I was reminded of this recently by observing and communicating with teams in the MEM Program. The most common problem is simply that a particular team member cannot contribute to the team activities as much as most of the other members. This can be for a variety of reasons including:
• motivation
• intellect
• academic background
• communication skills (i.e., a language barrier)

I have been very impressed with how teams have generally made strong attempts to include all members as much as possible in the team activities. But when all is said and done, we can’t expect every member to contribute equally to every assignment. It is important to keep in mind that you are trying to optimize the output of the team as a whole (i.e., considering the team as a system, what is the system optimization for the team). Of course, output can take many forms and this is a balance that the team must decide for themselves. I recommend that maximum learning for each team member be a key component of “optimizing” the team output. Thus, my suggestion is to work hard at integrating your team members and obtaining maximum input from each, but to also think creatively about how to optimize the entire team system. In some cases when there is an extreme gap in motivation, language, etc., for one of the team members, then the optimization may involve tailoring a segment of the work for that individual.

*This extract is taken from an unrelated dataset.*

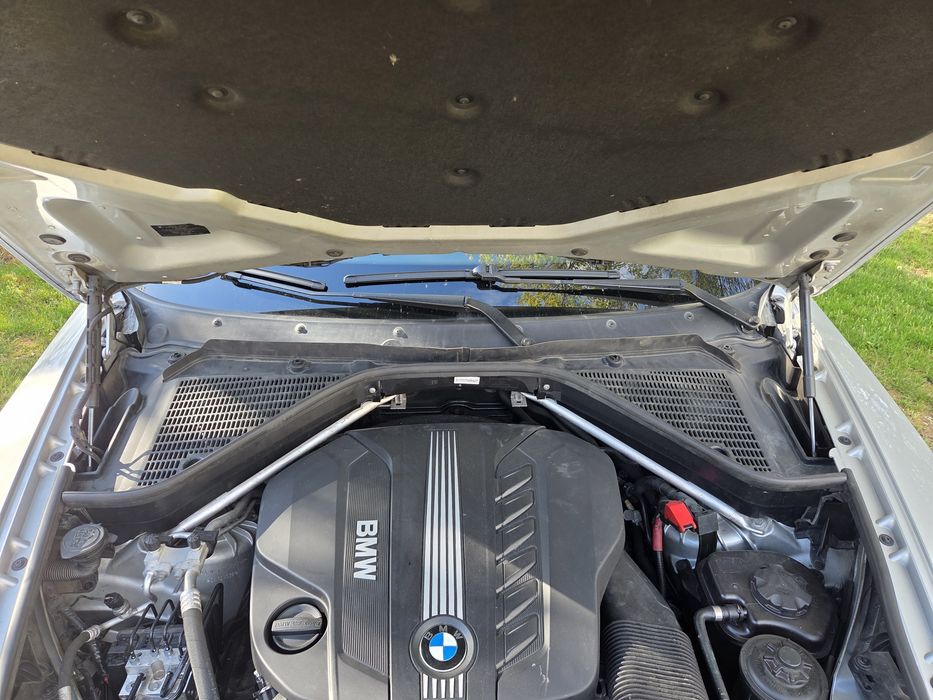 Кори над двигателя/Кора Панели БМВ Е70 BMW E70 X5 под чистачките против пропускливост на вода средна част с гумени уплътнения двигател дюзи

For example, if one of the team members lacks experience and has difficulty interpreting cases, perhaps they are the note-taker for meetings and consolidate and write up the discussion from the other team members. Or if a team member has difficulty with oral communication, perhaps they are charged with summarizing the case in writing prior to team meetings. The point is simply that we each bring a different set of skills and a different level of skills to a team. Optimizing the use of those skills and enabling learning opportunities for each member of the team does not mean distributing work equally or even having equal input into every activity. Of course, there will also be those rare cases where a team member has little or no motivation and insufficient skill; thus, they do not even appear to be trying to make an effort on the team. Although I think these instances are rare, it is one of the reasons we utilize peer assessments in our classroom teams and 360 degree reviews in our workplace.